| Q & A with Grantmakers in Aging’s Lindsay Goldman
| Aging in America News spoke to Lindsay Goldman, CEO of Grantmakers In Aging, about her career trajectory, advocacy for older Americans, and the intersection of aging and disability. This interview has been edited for length and clarity.
| How did you first get interested in this field?
| When I was in the sixth grade, our teacher took us to visit the Actors Fund Home in Englewood, New Jersey, where people from either Hollywood or Broadway were aging. And we went there not because we were going to cheer up the sad old people, but to learn from people who had lived through some of the history that we’d learned about in class. Despite some of them having some later-life challenges, they had something to offer us. They were living repositories of history. I think it was the way it was framed that made it a very formative experience, but I don’t think I realized how meaningful it was until later on.
When did it become your career?
My first leadership role was director of a social adult day program for people who were physically and cognitively frail. Mostly dementia, but also some people who were not suffering from any kind of cognitive challenges. And from that point on, I stayed with aging. I found my passion. I’ve been on all sides of aging issues—grant writer, grant maker, program administrator, researcher and so on—and ultimately that helps to inform my perspective on whatever issue I’m dealing with.

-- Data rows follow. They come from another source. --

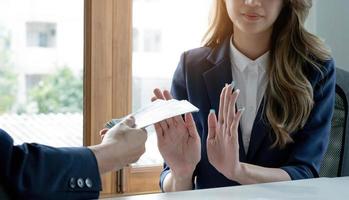 een professionele Aziatische vrouwelijke advocaat of bedrijfsjuridisch adviseur weigert steekpenningen of geld van haar cliënt. ent of eerbetoon betalingsconcept foto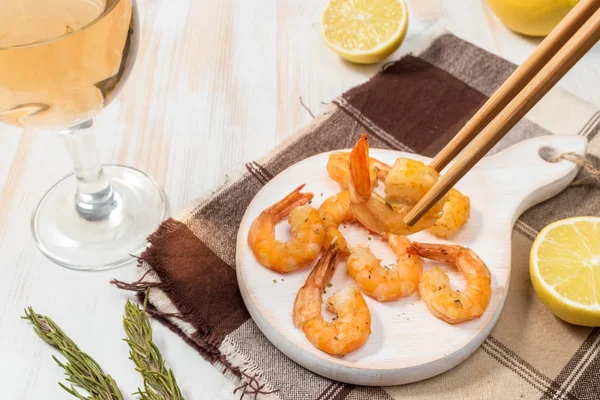Fried shrimps with chopsticks on a white wooden board — Stock Photo, Image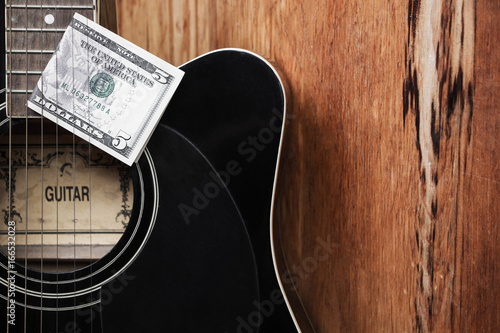 Black guitar close-up with five dollars
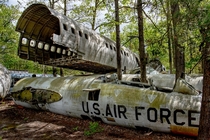 Abandoned US Air Force fighter jets and plane fuselage photo by Cindy Vasko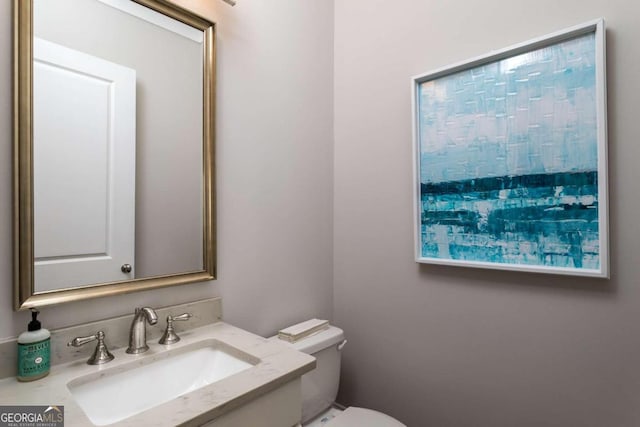 bathroom featuring vanity and toilet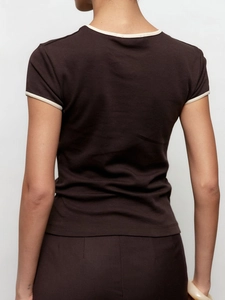 Détail du liseré contrasté au col et aux manches d'un t-shirt marron en maille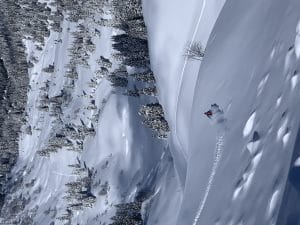 snowboarder riding powder france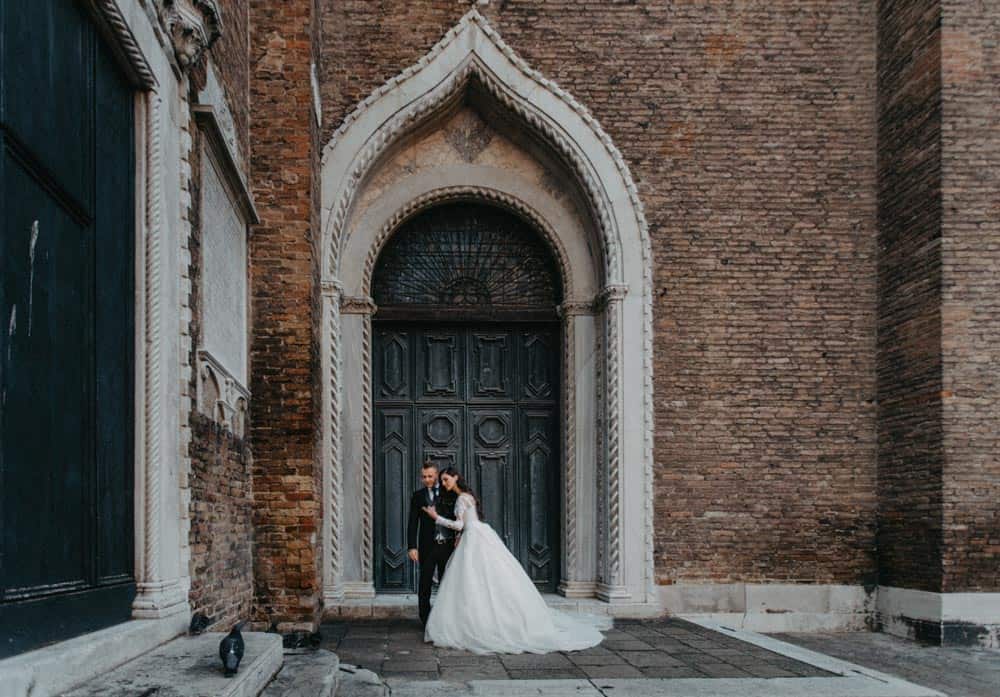 Elegant wedding couple standing in front of historic gothic door at a luxurious venue.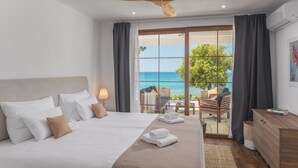 Quarto com cama grande, ventilador de teto e vista para o oceano através de uma porta de correr.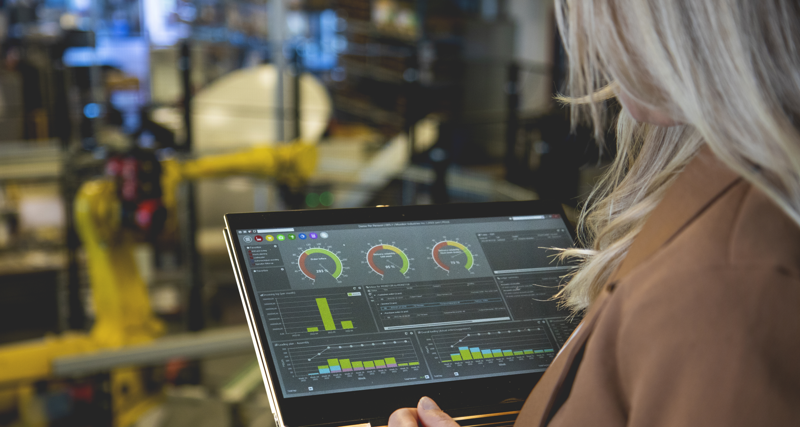 A person holding a tablet computer in a factory environment displaying Monitor ERP dashboard. 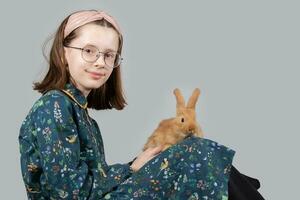 Beautiful little girl in glasses plays with a red rabbit on a gray background. photo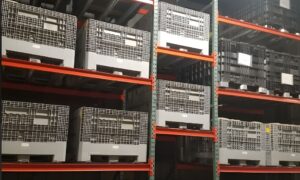 Stacked plastic containers on shelving arranged to keep aisles clear for smooth warehouse traffic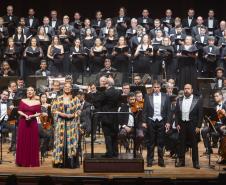 Toda a orquestra, com seus instrumentos, o coro, os solistas, os músicos convidados e o maestro estão posicionados durante o concerto no placo do Teatro Guaíra, com roupas de gala. 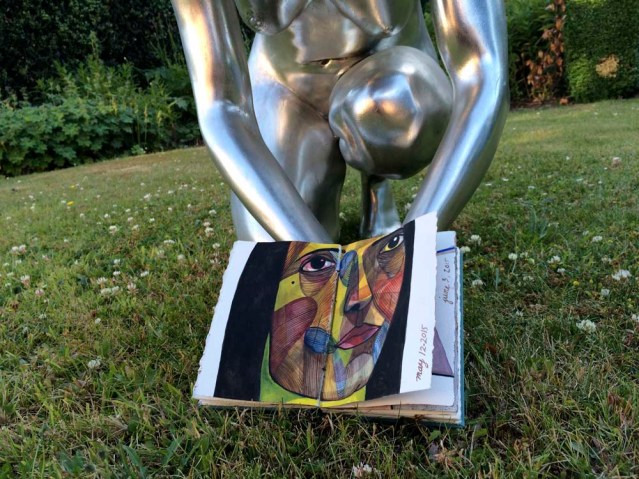 normally she's looking down intently at the grass, but here she's showing off my painting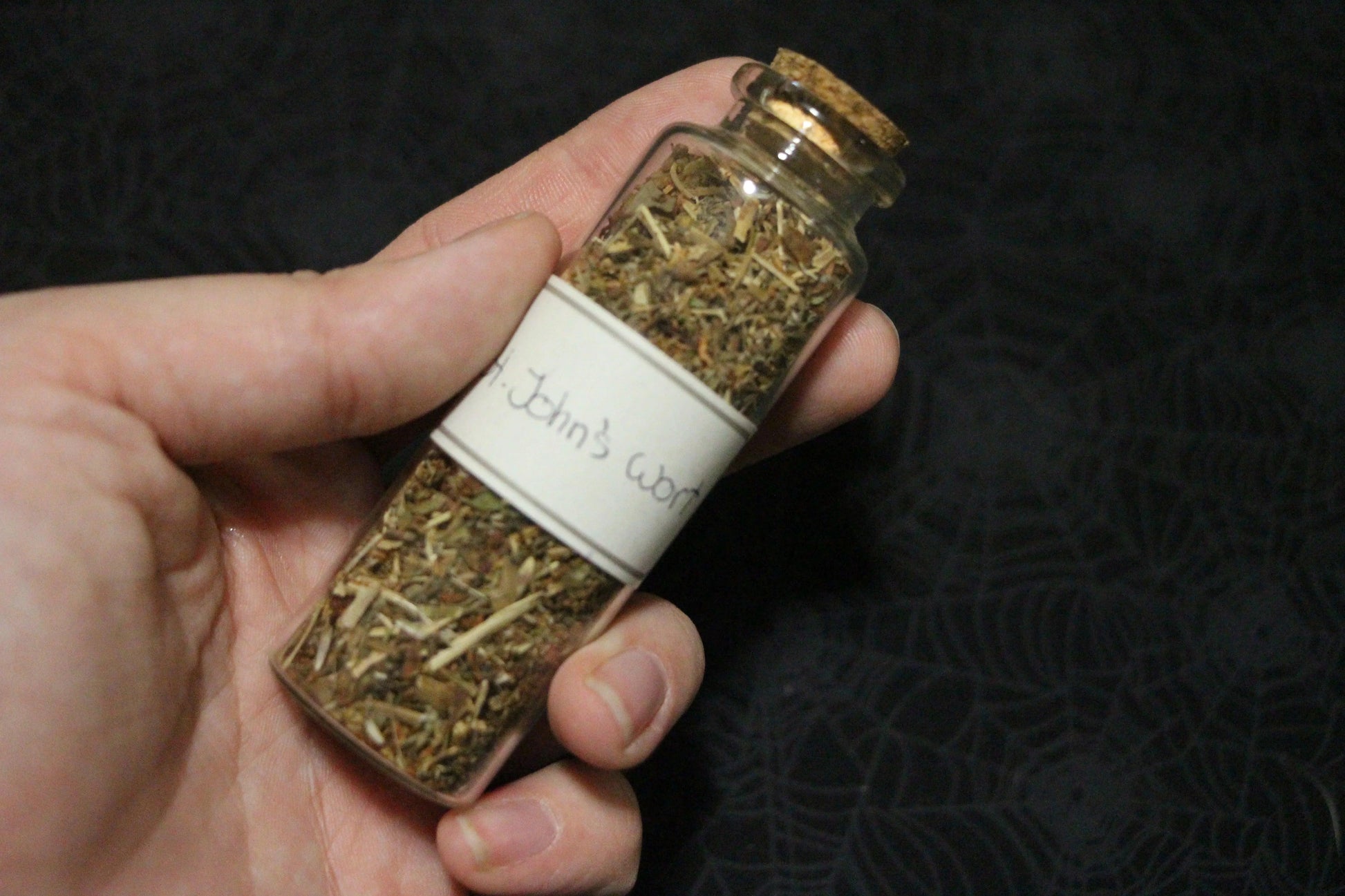 Hand holding a glass jar of dried St. John's wort herbs for witchcraft rituals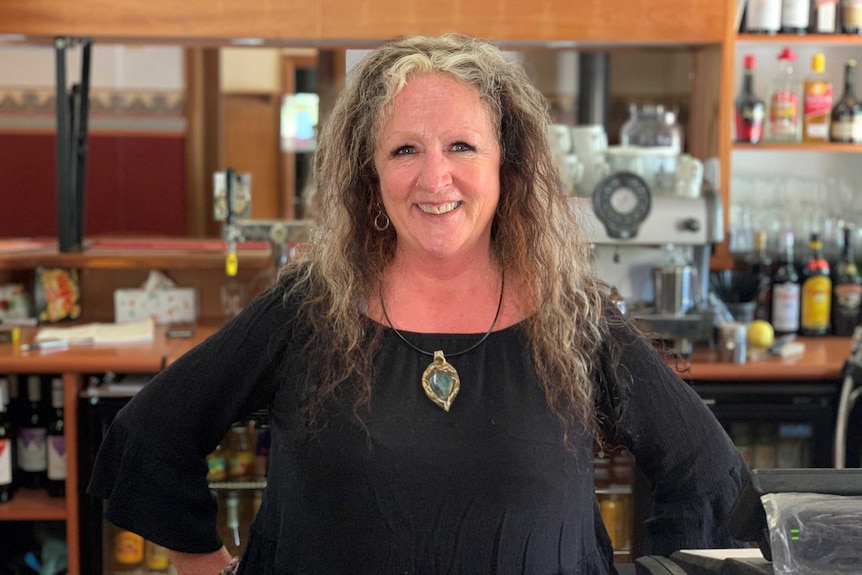 A middle-aged woman with a kind smile. She has blonde and brown, wild hair, and faint eyebrows. She's standing in a pub.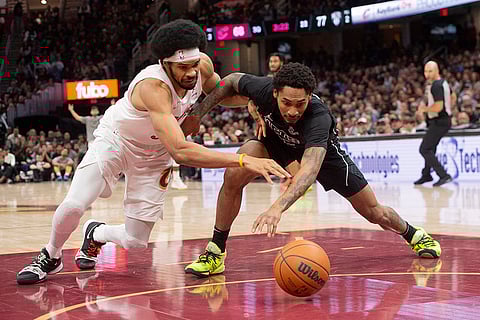 NBA: Cavaliers' Jarrett Allen, left and Nets' Keon Johnson (45) dive for a loose ball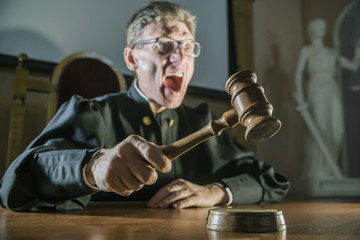 angry man a judge with a hammer in his hand in the court room shouts and cry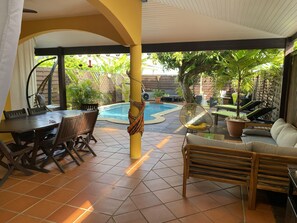 Terrasse, coin détente, piscine et salon au fond du jardin sous le manguier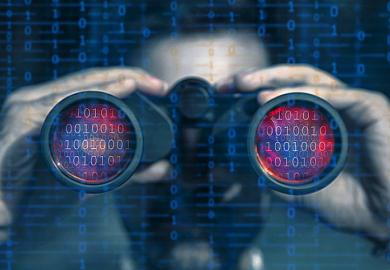 Someone looks through binoculars with binary code in the lenses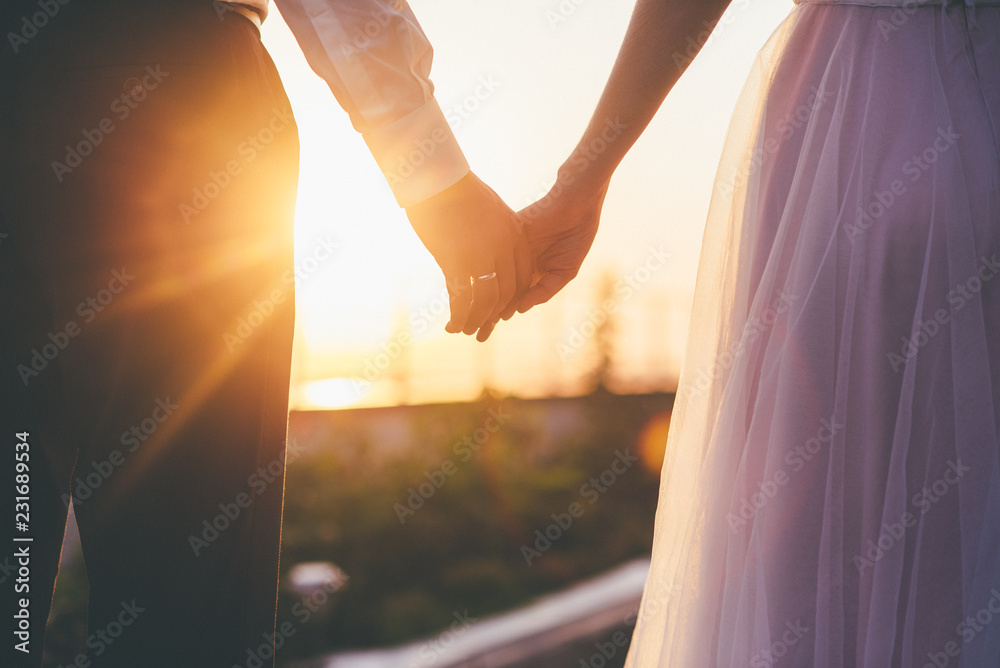 Bride and groom holding hands closeup - obrazy, fototapety, plakaty 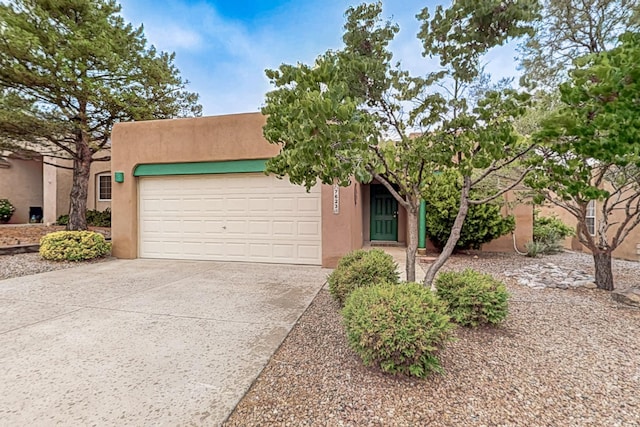 7623 Vista Alta Rd NW, Albuquerque, NM 87114 - southwest-style home featuring stucco siding, a garage, and driveway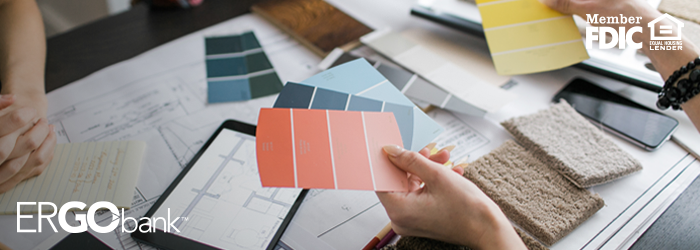 Person's hands holding paint swatches above table filled with home renovation plans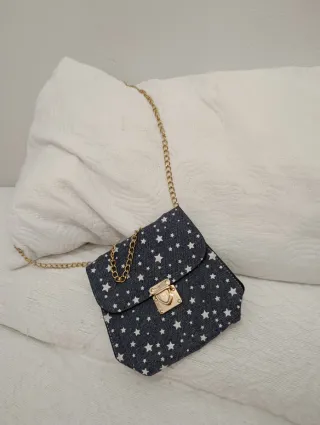 Bolso infantil estrellas cadena dorada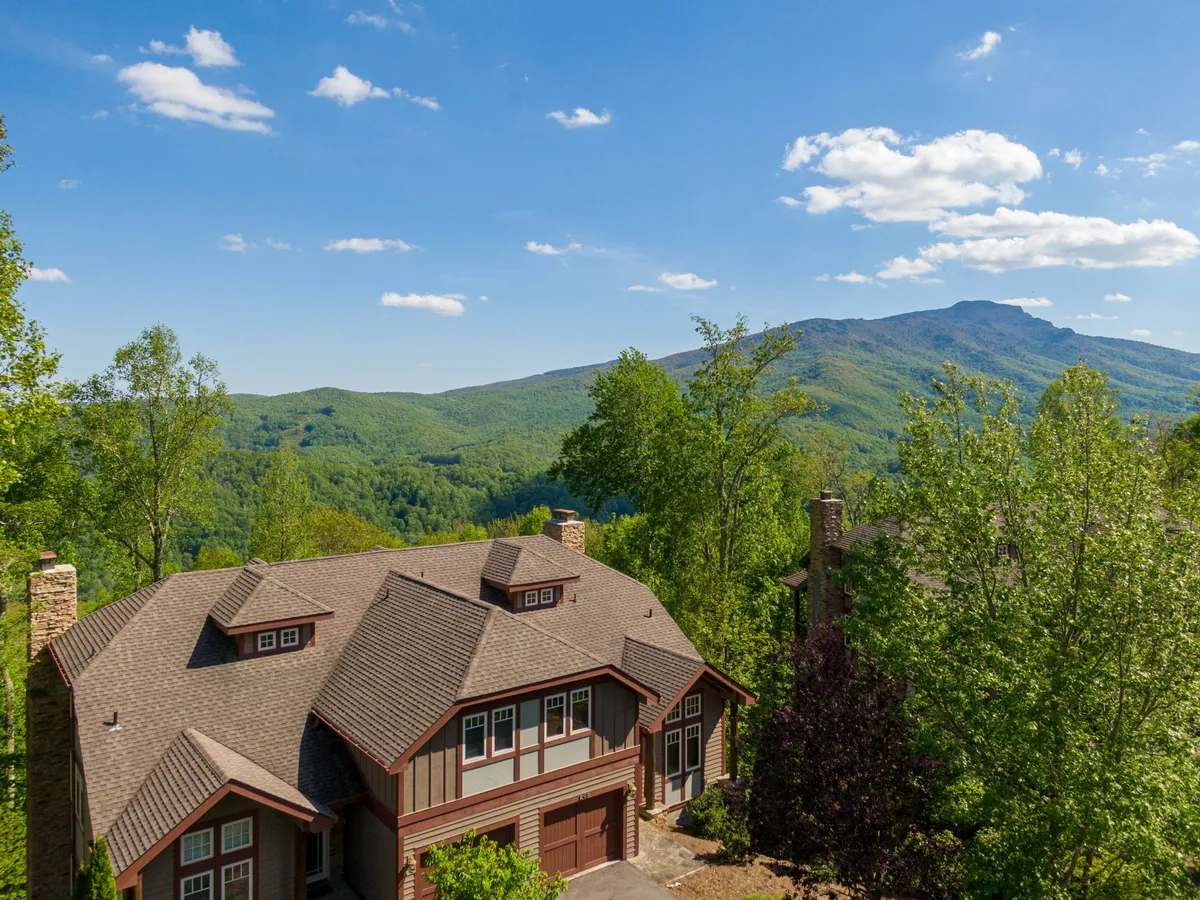 The image displays the exterior of a spacious condo nestled among tall trees, with a sweeping mountain range in the background. The porch offers an inviting spot to take in breathtaking sunrises, and the setting exudes tranquility, perfect for relaxing or enjoying outdoor activities like hiking and stargazing.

What’s the best leadership advice you’ve received?
Aviva Sufian—who helped start the Administration for Community Living and now leads our Aging Advocacy Initiative—once told me something that has been incredibly useful in every role, including as a parent: You don’t actually need to know everything. You just need to know the right questions to ask and how to find the person who has the answers to those questions. Nobody knows everything. The sooner you become comfortable with the fact that you don’t know everything, the better you are at leading, because you bring people to the table who have the knowledge you are lacking.
I got a lot out of the Grantmakers in Aging conference in Long Beach in October. How did you feel about it?
It is very much like planning a wedding, and it does go by in a blur, and then you have the post-event depression that it’s over. But I feel really good that we had 70 people who had never been there before. Attracting people who are either new to aging or new to philanthropy, that’s kind of our sweet spot. People really appreciated the deep dive that we did into the aging and disability intersections. I think that we opened people’s eyes a little bit, to provide people with some compelling data for why disability is an aging issue and aging is a disability issue.
Download “Better with Age: A Guide to Funding in a Longevity Society”

What should we know about the Aging Advocacy Initiative?
It is in the planning phase right now. The purpose is to elevate aging within policymaking and budgeting at all levels of government. We’re responding to a number of gaps that we see. First, a lack of any kind of unified messaging around what we all want and what we all need in later life. We’re also missing any kind of organizing infrastructure at the local and state level. So even if you understand why you should be concerned about later life, there’s not an obvious place to go if you want to advocate for different policies and funding mechanisms. We also see a major lack of people power, and we feel like we should be playing a role in helping people wake up a little bit to see the discrepancy between the system that we need in later life and the system that we have.

What’s on deck for GIA in 2026?
I see us continuing to focus on our mission of mobilizing money and ideas and providing opportunities for our sector to network, learn, and act. We’re trying to grow our membership as much as possible. We need more people and more funders to care about later life and to understand how whatever they’re investing in has an effect on later life. We also think it’s critical to equip funders with the knowledge to make the most informed decisions possible, because we really can’t afford funding gaps, funding redundancies, funding inefficiencies, which emerge when people don’t have adequate pathways to communicate with each other and to understand who is funding what and where, and how much and when. And so we’ve just launched a new grants database that piloted with about a quarter of our members, and we’ll expand to the full membership in 2026. Finally, we’re providing opportunities for people to co-fund and take collective action, because we’re stronger together. And it’s only through that collective action that we can work to elevate aging within not just policymaking and budgeting, but within public discourse.